In this sense, it is of utmost importance to understand traffic accidents' infrastructural and environmental characteristics and predict them. This enables, for example, city emergency services to optimize responses to an emergency call and city managers to plan road traffic, considering the risk of traffic accidents.
Create an explainable predictive model of traffic accidents at street level by the moment of the day.
GOAL 11: Sustainable Cities and Communities
The following datasets were provided to the participants:
Most teams used only the provided dataset. One team also used weather data as input to the model. Teams argued that a more precise model could be built by providing more detailed information (e.g., the hour of each accident and the severity of the accident), information on the quality of the roads, locations of road signs, traffic data and user behavior (e.g., the demographic of the parties involved in the crash), and data on other means of transportation (e.g., cycling and pedestrians).
In this challenge, various methodologies were used for prediction. Some teams that used supervised learning approached this as a regression task (predicting the number of car accidents on the segment, with a risk factor) or as a classification task (if an accident happened, the categorical target of the number of accidents, location of the accident). A large array of models was tested by different teams as well.
One team compared five models: Random Forest with default hyperparameters and tuning, Logistic Regression, and Gradient Boosting with default hyperparameters and tuning. This team picked Logistic Regression for further prediction analysis as it had higher precision and lower recall. Another team used Random Forest and LASSO, while others used CatBoost and a Neural Network.
One team decided to take an unsupervised approach by clustering areas of accident concentration with DBSCAN. There was also a team that took a time-series approach to predict the number of accidents by day, although they did not develop a street-level model.

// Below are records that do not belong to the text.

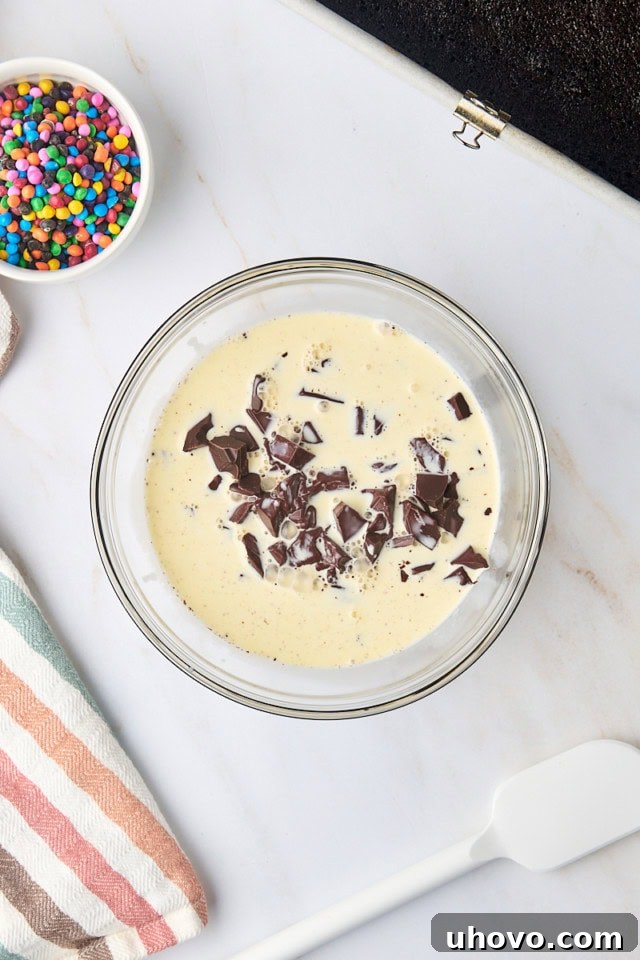 overhead view of cream poured over chopped semisweet chocolate in a glass bowl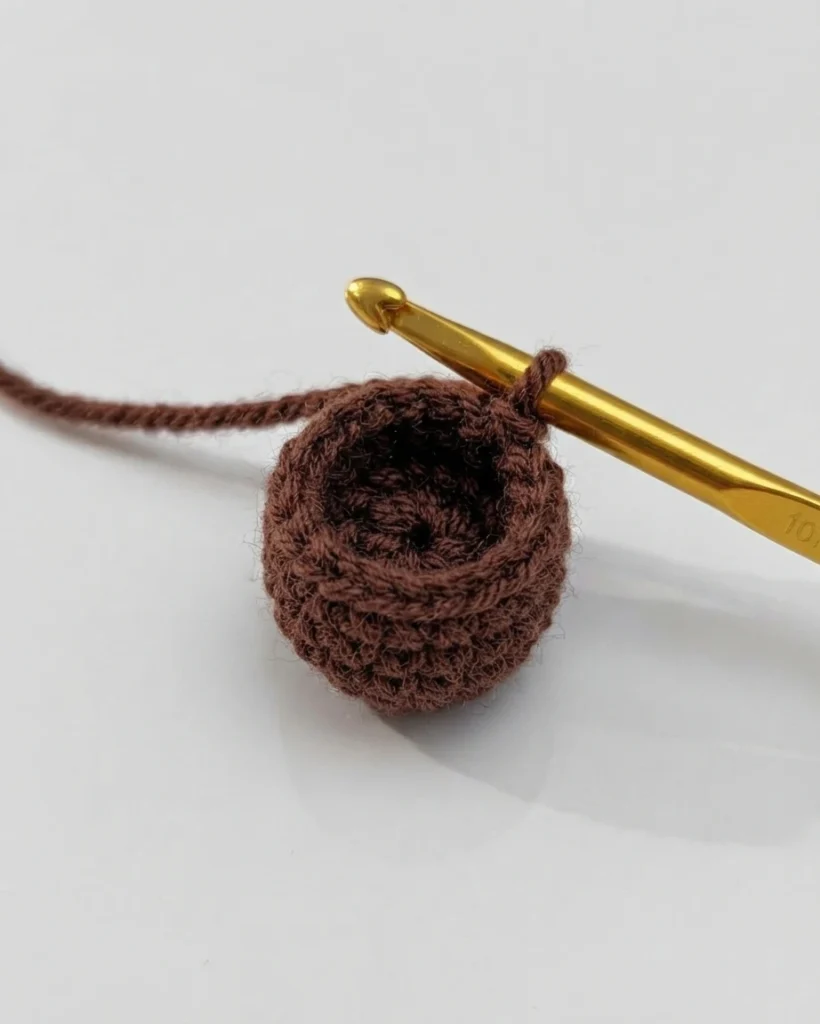 Petit ouvrage au crochet brun, ouvert et arrondi, tenu sur un crochet doré avec le fil attaché.
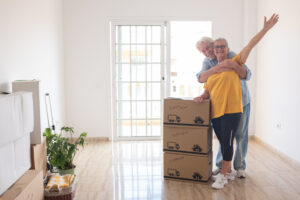 Older couple standing by boxes, following moving trends 2025 for relocating to smaller cities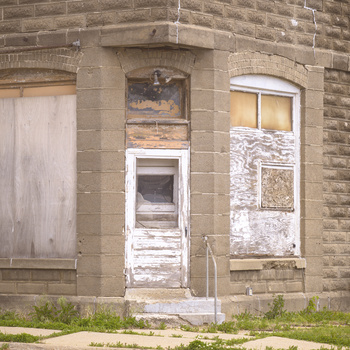 Weathered brick facade with boarded white door and window, showing decay and abandonment.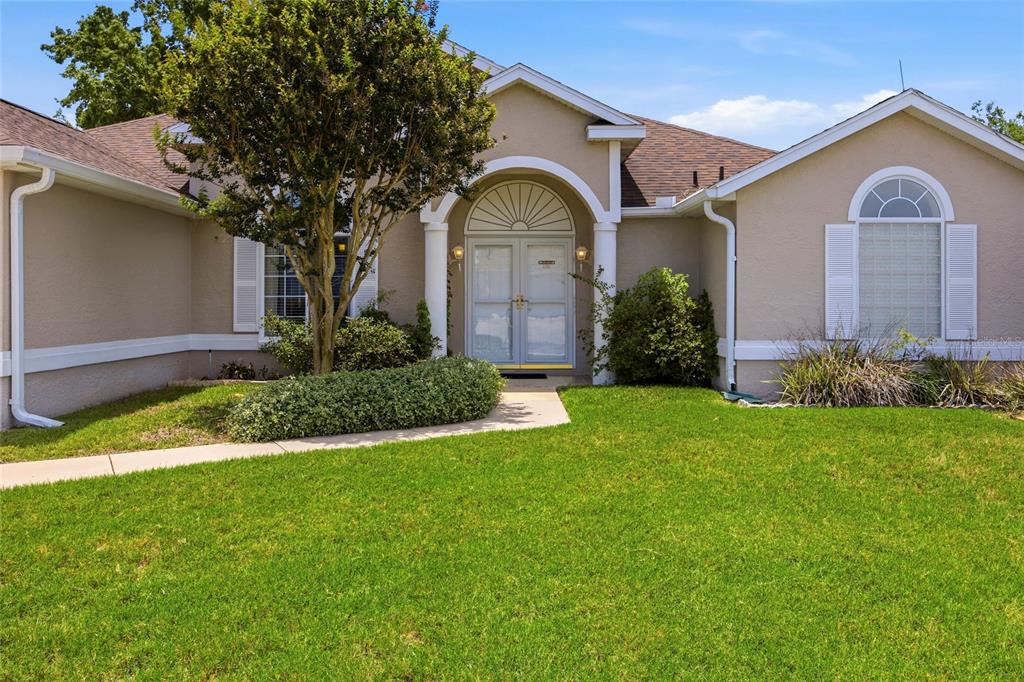A single-story house with a beige stucco exterior, double front doors, and a grassy lawn — 5450 NW 25TH LOOP, OCALA, FL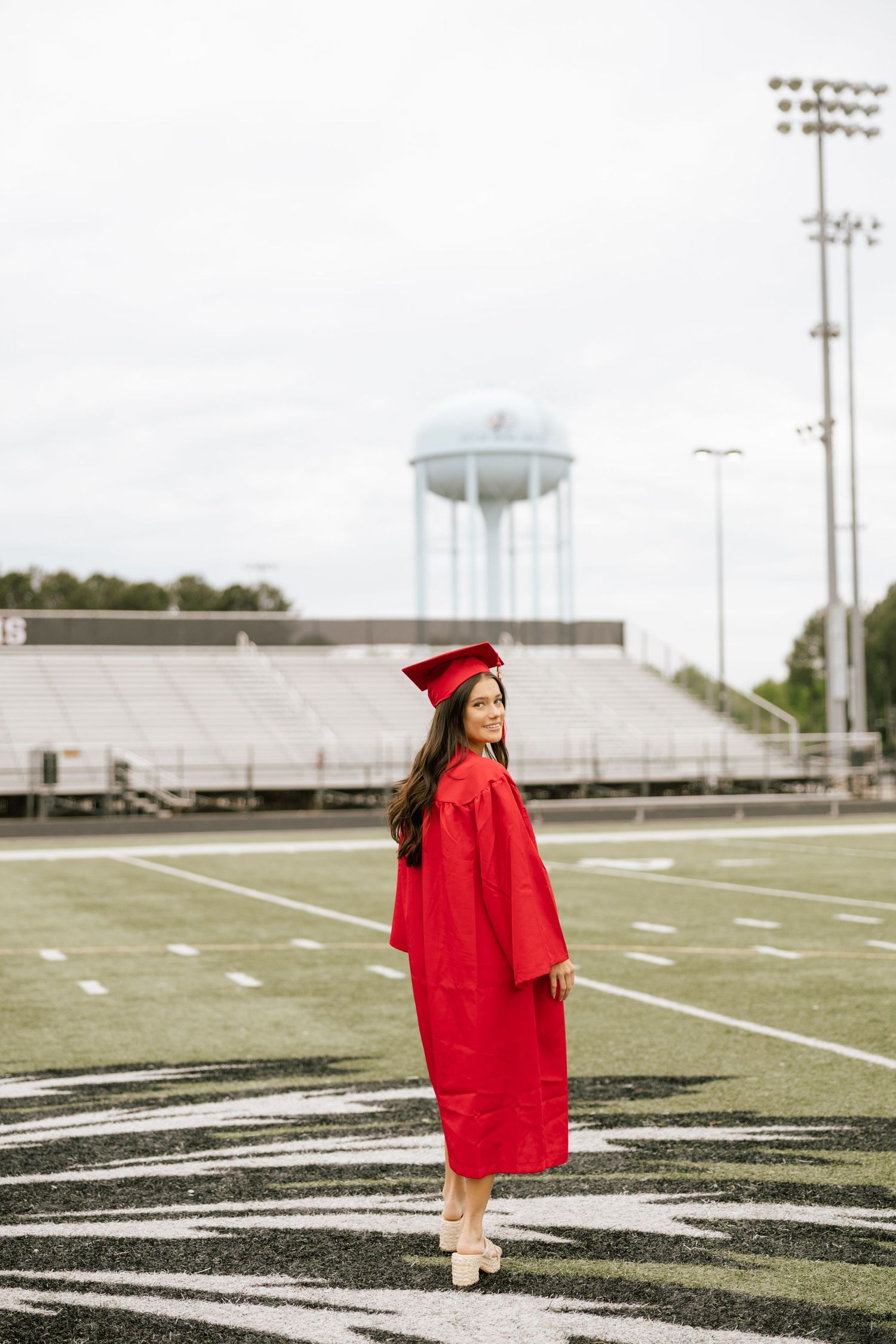 Young woman in red graduation cap and gown standing on football field with stadium bleachers and water tower behind her.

One team extensively analyzed when most accidents occur and discovered that the number is generally higher during winter and on Fridays (see Figure 1). Most of the accidents happened at or near a private driveway or non-intersection. It was also possible to observe a higher concentration of accidents in other areas.
Another team plotted the accidents, the most dangerous areas of the city (see Figure 2), and the most dangerous roads. Depending on the features used, the biggest contributing factors were the light conditions, the speed limit of the street, and the width of the road.
The main opportunity for the models proposed by the teams is to help local governments and law enforcement identify dangerous zones to improve them or have better patrolling in those areas.